(Captioned web images)
>>>>

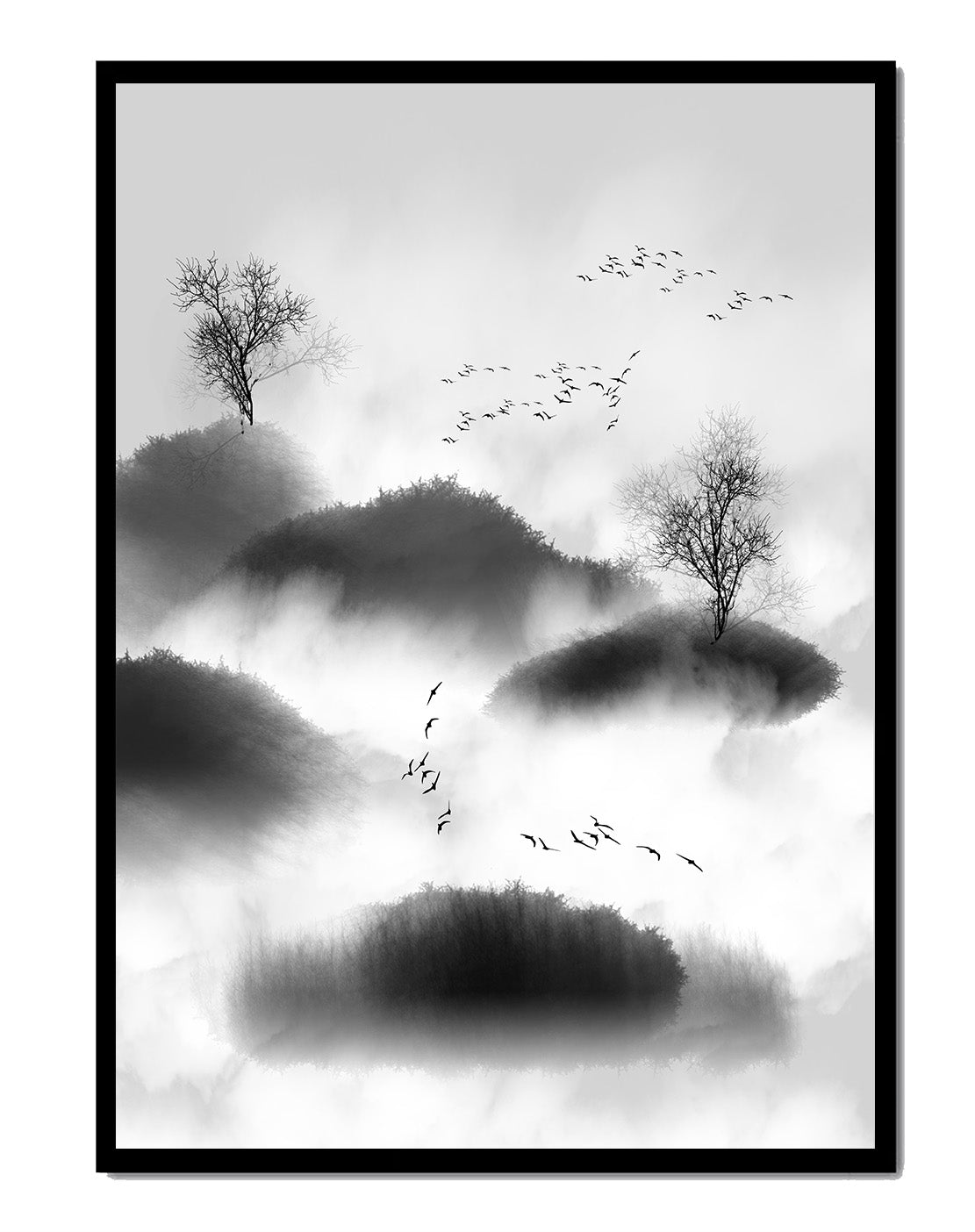 Montañas neblinosas con pájaros volando en estilo monocromático de tinta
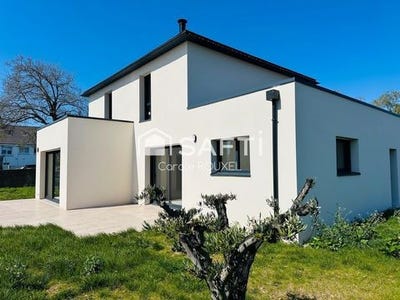 /international/fr/saint-ave-brittany-310100015643/?lang=zh-tw
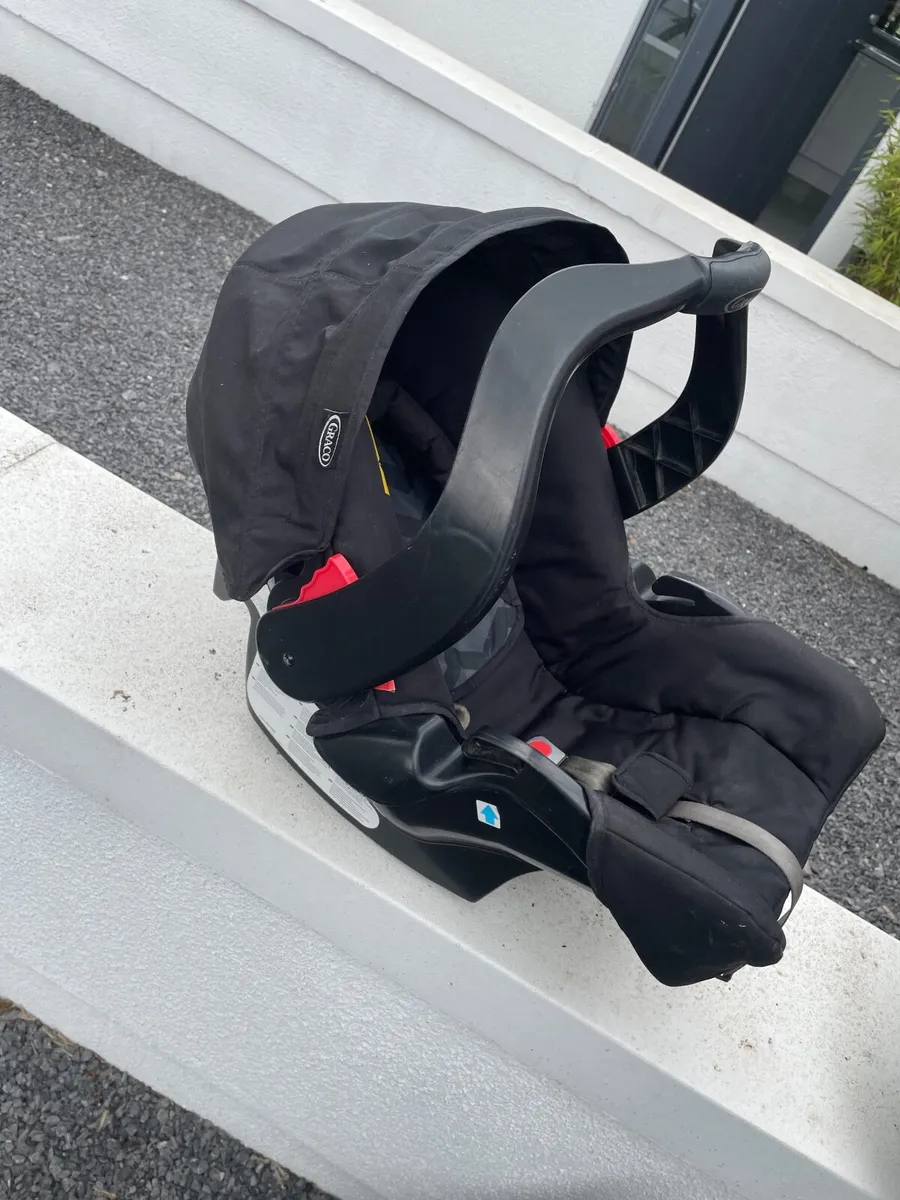 Car seats - Image 2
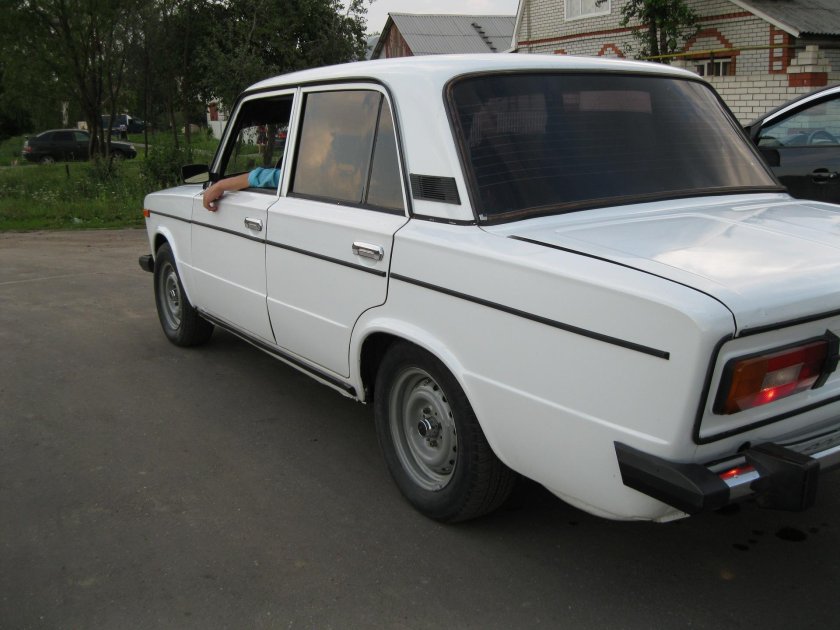 ВАЗ 2106 белая тонированная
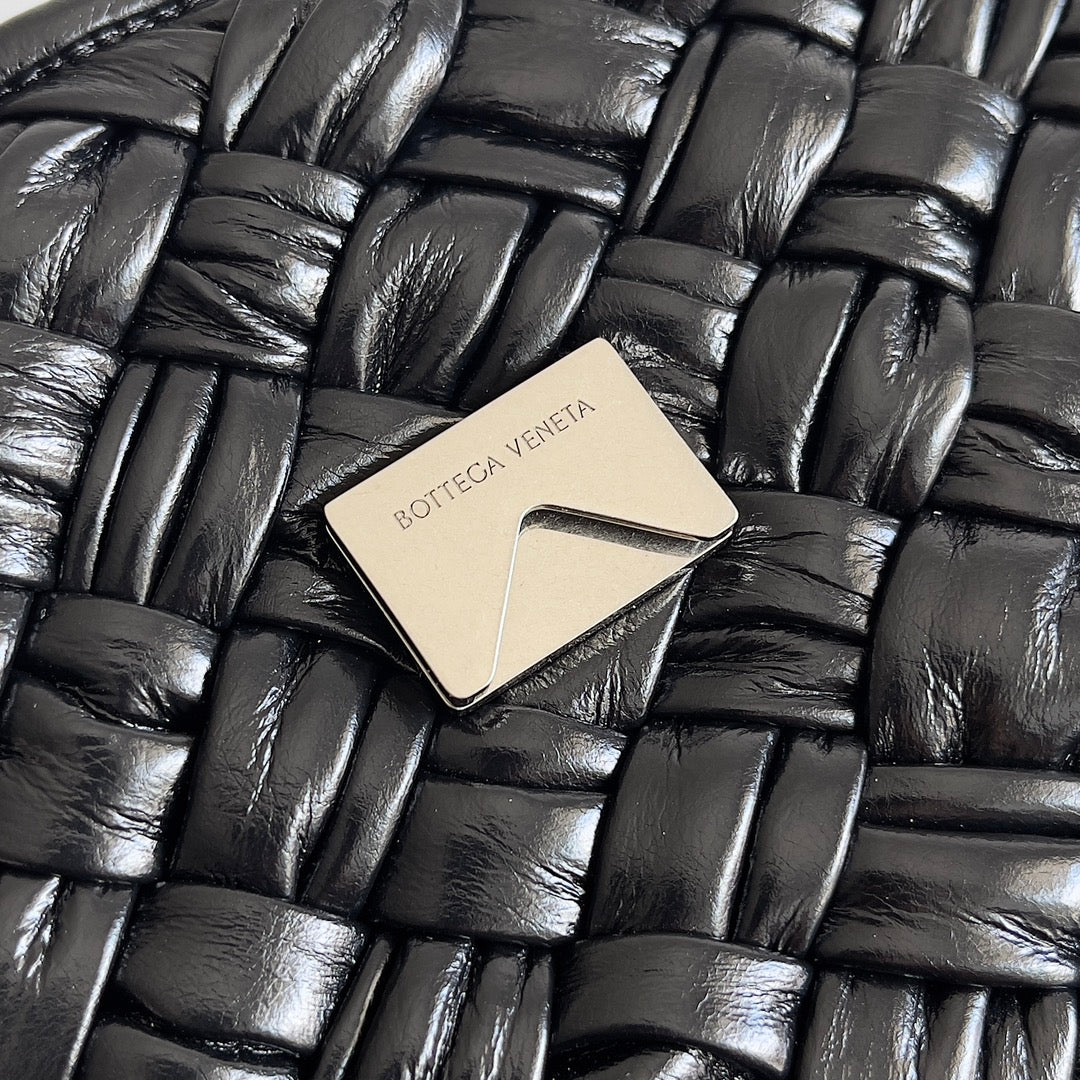 BV Small Rumple Messenger 21 Black Lambskin Shw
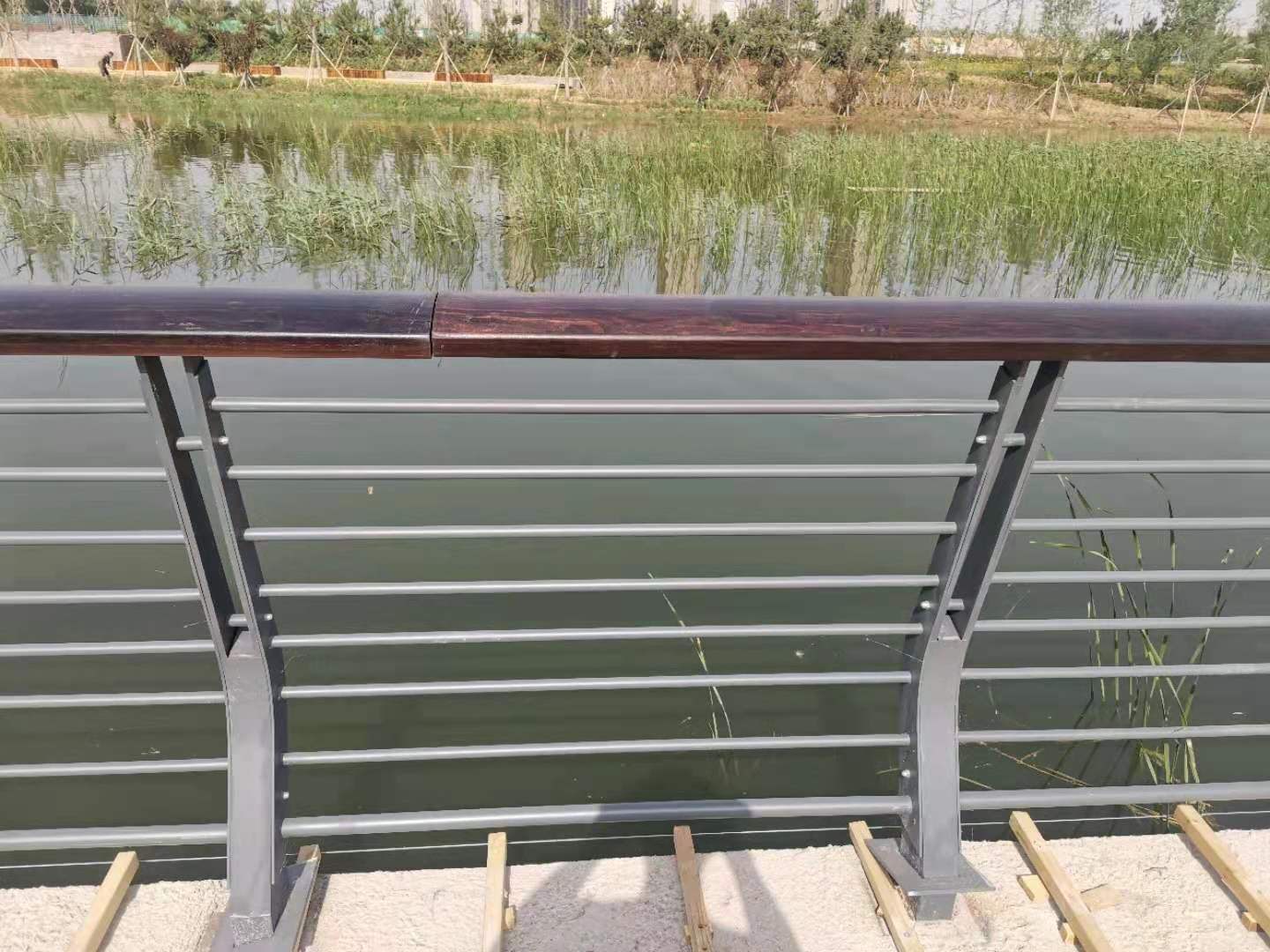 德州市桥梁防撞护栏河道护栏 - 排名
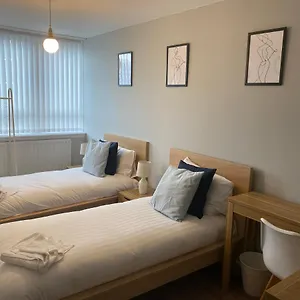 lovely-2-bedroom-flat-near-newcastle-city-centre.hotels-newcastle-upon-tyne.com/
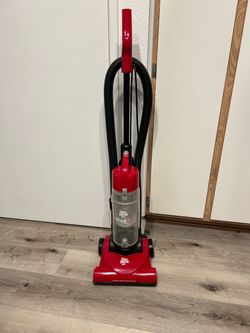Dirt Devil QuickLite Compact Cyclone Bagless Vacuum Cleaner, Excellent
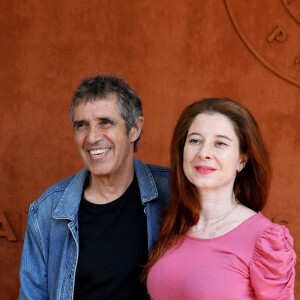 Julien Clerc avec sa femme Hélène Grémillon au village (jour 14) lors des Internationaux de France de Tennis de Roland Garros 2022 à Paris, France, le 4 juin 2022. © Dominique Jacovides/Bestimage 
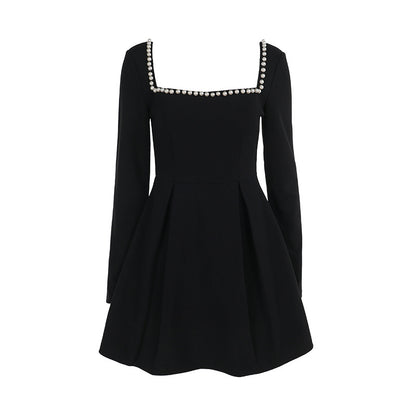 Robe cocktail femme avec décolleté carré et élégants détails en perles Chic und Stil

<<<<

ACTIVITY: Leaving every image behind, repeat the data in full and exactly.

EXERCISE SOLUTION:
 Montañas neblinosas con pájaros volando en estilo monocromático de tinta
 /international/fr/saint-ave-brittany-310100015643/?lang=zh-tw
 Car seats - Image 2
 ВАЗ 2106 белая тонированная
 BV Small Rumple Messenger 21 Black Lambskin Shw
 德州市桥梁防撞护栏河道护栏 - 排名
 lovely-2-bedroom-flat-near-newcastle-city-centre.hotels-newcastle-upon-tyne.com/
Dirt Devil QuickLite Compact Cyclone Bagless Vacuum Cleaner, Excellent
 Julien Clerc avec sa femme Hélène Grémillon au village (jour 14) lors des Internationaux de France de Tennis de Roland Garros 2022 à Paris, France, le 4 juin 2022. © Dominique Jacovides/Bestimage 
 Robe cocktail femme avec décolleté carré et élégants détails en perles Chic und Stil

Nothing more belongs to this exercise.